Even God is sometimes spoken of as jealous, as in the famous passage from the Book of Exodus— “I the Lord your God am a jealous God, visiting the iniquity of the parents upon the children to the third and the fourth generation of those who hate me, but showing steadfast love to thousands of those who love me and keep my commandments” [Ex. 20: 5 and 34:14].

But God’s jealousy is a very different matter.  It is human jealousy that poses the problem.  As we see in the story of Moses and the two elders, Eldad and Medad, good might come out of jealousy, but it is more likely to lead to disaster, as in the story of David and Bathsheba, or the adulterous relationship between Herod Antipas and his brother’s wife that led to the execution of John the Baptist. It’s truly the stuff of tragedy, perhaps nowhere more stunningly portrayed than in Shakespeare’s Othello:

I had rather be a toad
And live upon the vapour of a dungeon
Than keep a corner of the thing I love
For others’ uses….  (Othello III, 3, 268.)

In today’s Gospel, we see it in the attitude of Jesus’ disciples, who seemed to bicker a lot about who was greater or who got to sit closest to Jesus, or in this case, who had exclusive rights to healing ministries.  As usual, Jesus will have none of it.  The rest of the reading is largely a list of things Mark added that Jesus opposed.  The main point has to do with what might be called disciple rivalry.  Eldad and Medad all over again.

But we also see jealousy every day: in gang wars on the streets of Chicago and in the offices of corporations and universities, in spats and fights among children in the nursery, in the psychological warfare between spouses, and ultimately in pitiless immigrant-bashing and ethnic cleansing.  Some call it “road rage.” We have just seen it magnified in the battle over a seat on the high bench of the US Supreme Court. One doesn’t have to look too carefully to see the trail of the serpent of jealousy in the partisan politics that have so disfigured American politics for the last twenty years or more.  “Only our side is fit to rule…”

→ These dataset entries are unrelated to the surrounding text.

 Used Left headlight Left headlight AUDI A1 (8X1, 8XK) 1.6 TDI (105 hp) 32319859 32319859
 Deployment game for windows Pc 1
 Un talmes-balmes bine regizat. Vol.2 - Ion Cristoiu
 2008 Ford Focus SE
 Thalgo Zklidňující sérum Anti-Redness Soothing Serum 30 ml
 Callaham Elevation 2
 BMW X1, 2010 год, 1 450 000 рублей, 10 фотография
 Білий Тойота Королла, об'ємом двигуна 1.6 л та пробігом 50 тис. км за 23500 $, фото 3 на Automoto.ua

Jealousy is the desire to keep things only for oneself or someone’s group, not to share with others, and to resist any perceived threat to complete ownership or control, whether crude oil or a place in a line of traffic.  Envy is a very small and pale monster compared to the jealousy which is “cruel as the grave,” as we read in the Song of Songs [8:6.]

Both in literature and in life, jealousy often leads to violence and death, and this is where respect for diversity and especially diverse forms of living enters the picture.  The most important gift we have and have to share is life itself.  And it is our refusal to share that gift that ultimately defines the root of jealousy.

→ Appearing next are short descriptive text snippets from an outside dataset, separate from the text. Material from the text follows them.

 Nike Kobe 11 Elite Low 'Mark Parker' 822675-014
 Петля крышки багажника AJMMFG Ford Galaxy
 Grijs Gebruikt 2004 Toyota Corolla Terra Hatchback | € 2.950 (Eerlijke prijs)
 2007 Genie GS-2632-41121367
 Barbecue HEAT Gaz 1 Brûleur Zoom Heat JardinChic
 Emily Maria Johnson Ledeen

Which brings us back to the Letter of James, who clearly saw that the self-destructive character of jealousy lies in that refusal.  Money itself is not the problem, but the love of money is, a misplaced love that leads us to refuse to share our surplus with those in want.  And not just wealth: it can be anything.  The conflict between Jews and Arabs over control of the Holy Land, the carnage in Syria, Afghanistan, Myanmar, and here in the US as well. Even the NFL, international soccer, and the Olympic Games themselves have been contaminated by jealousy.

This is where respect for life enters the picture.  The most important gift we have and have to share is life itself.  And it is our refusal to share that gift that defines the ultimate root of jealousy.

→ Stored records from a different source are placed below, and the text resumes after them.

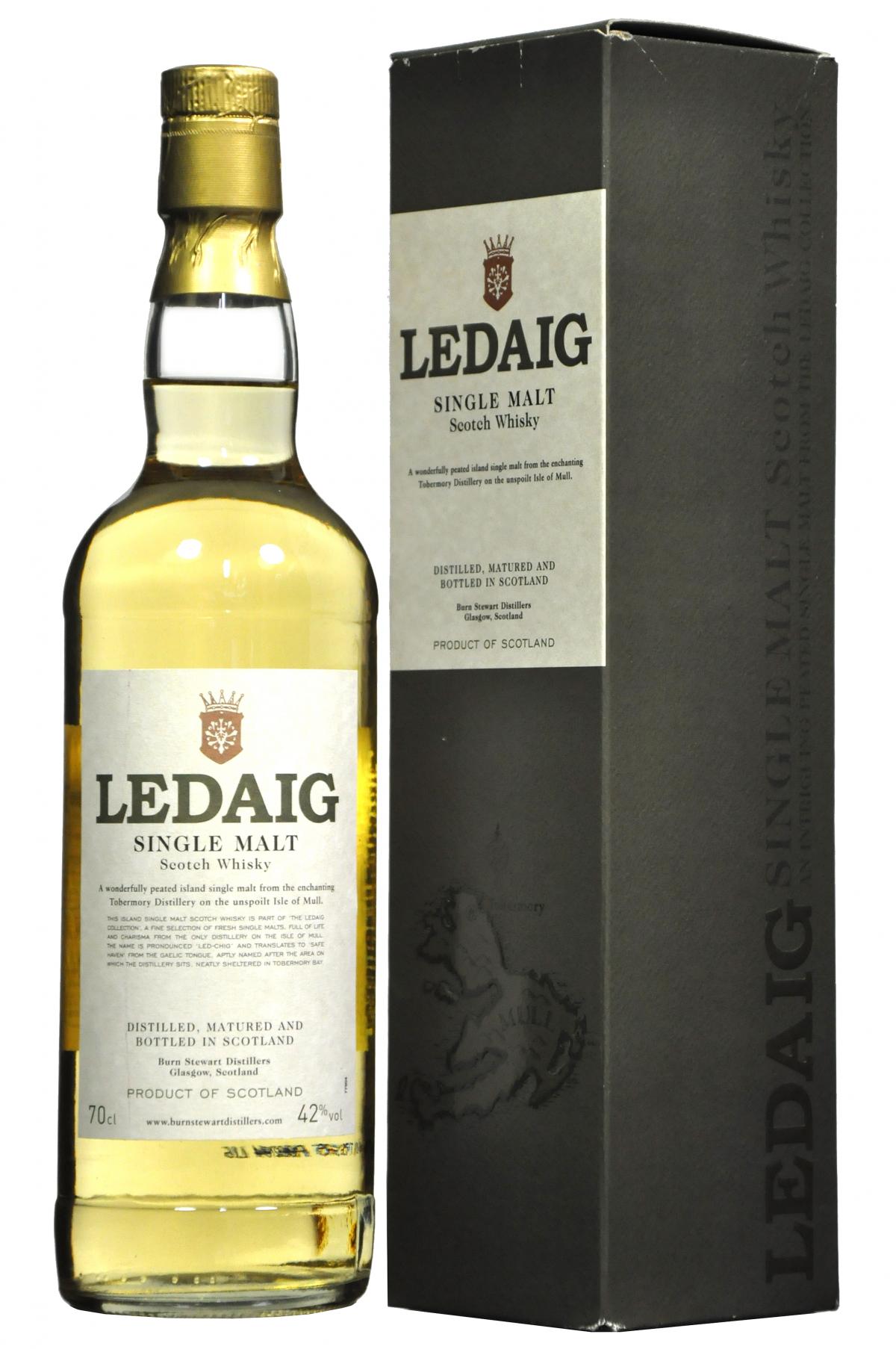 Ledaig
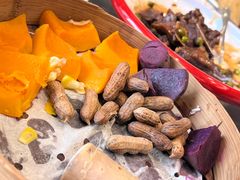 -金典银峰老鹅馆·昆山菜(亭林公园店)
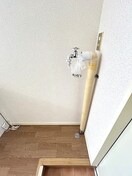  西長野フジハイツ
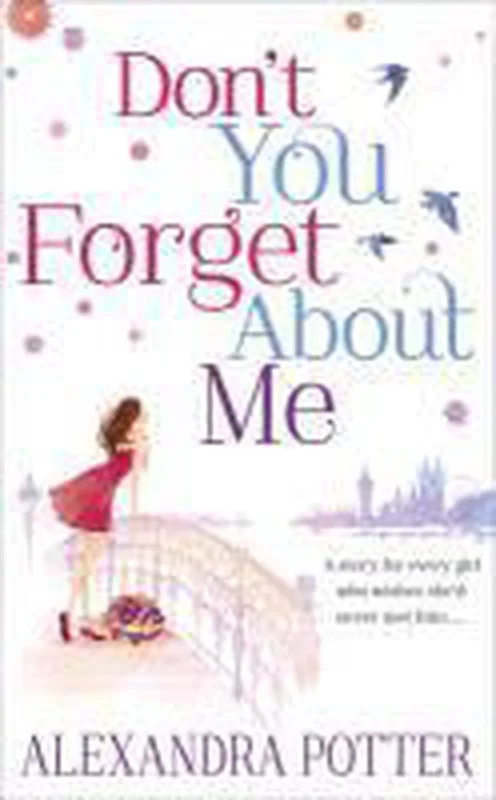 Don't You Forget About Me Tijdelijk Beschikbaar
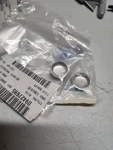 2020 - 2023 Chevrolet Corvette Cooling Oil Cooler-adapter Plug 9427695 Set Of 2. Fixed Price $20.00.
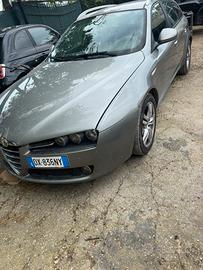 Alfa Romeo 159 2.0jtdm 170cv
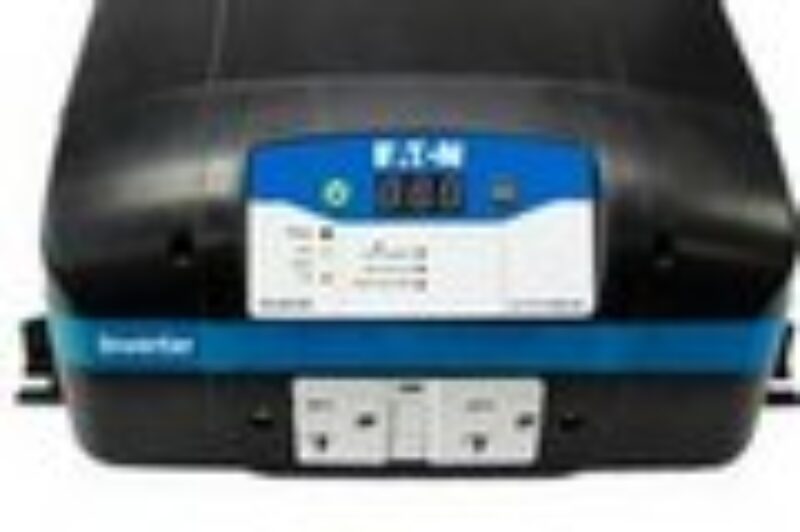 Pure Sine Wave Inverter article image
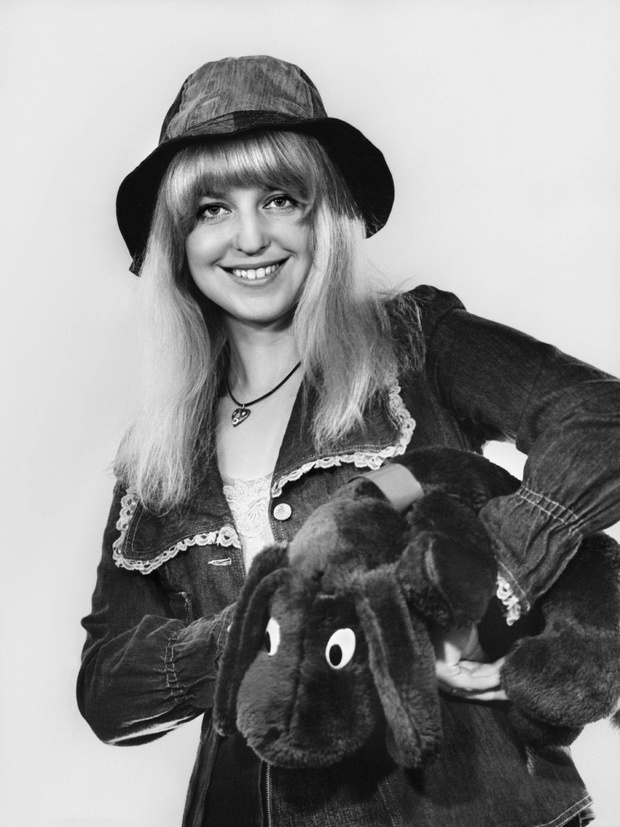 Urszula Sipinska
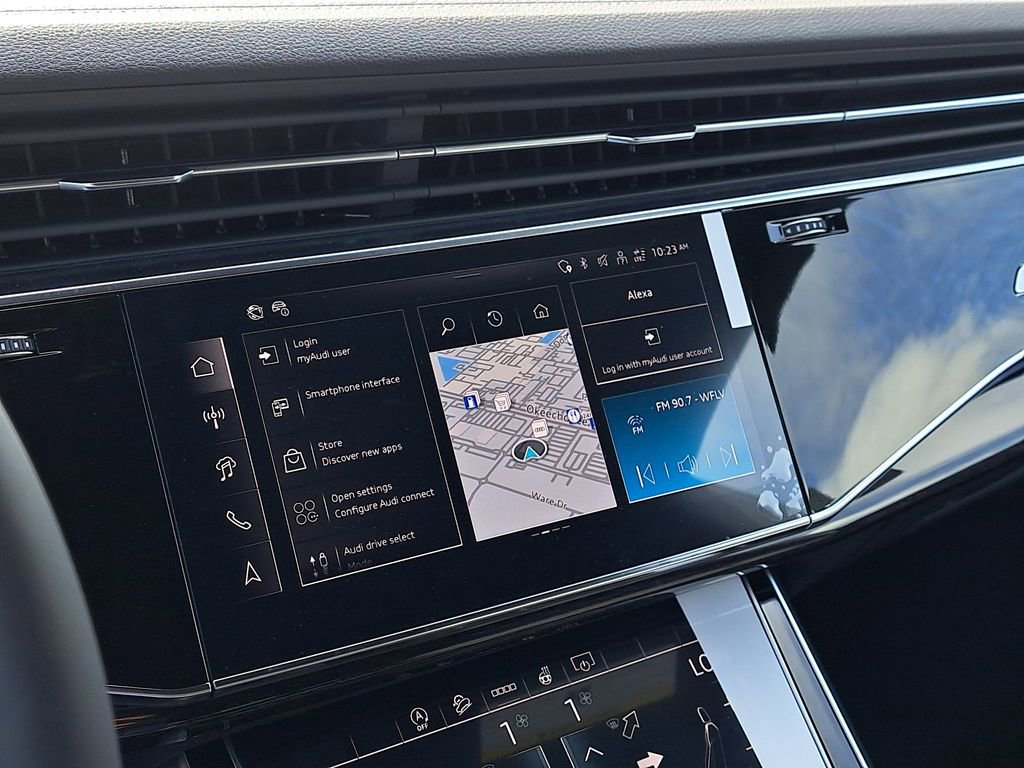 New 2026 Audi Q8 Premium Plus AWD/4WD image 12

The only remedy for jealousy, and that’s what today’s readings are really about, is generosity, and particularly in the form of love, justice, and compassion — not just for human beings everywhere, but for all life.  In fact, all creation.  It is in sharing the gift of life that we truly imitate the generosity of God, who is so jealous for all of us.  Only in God, in whom all things are one, can fierce jealousy and absolute generosity be the same.  The rest of us have to choose between them.  So let us pray for the strength and wisdom to choose mercy, peace, and a generous spirit.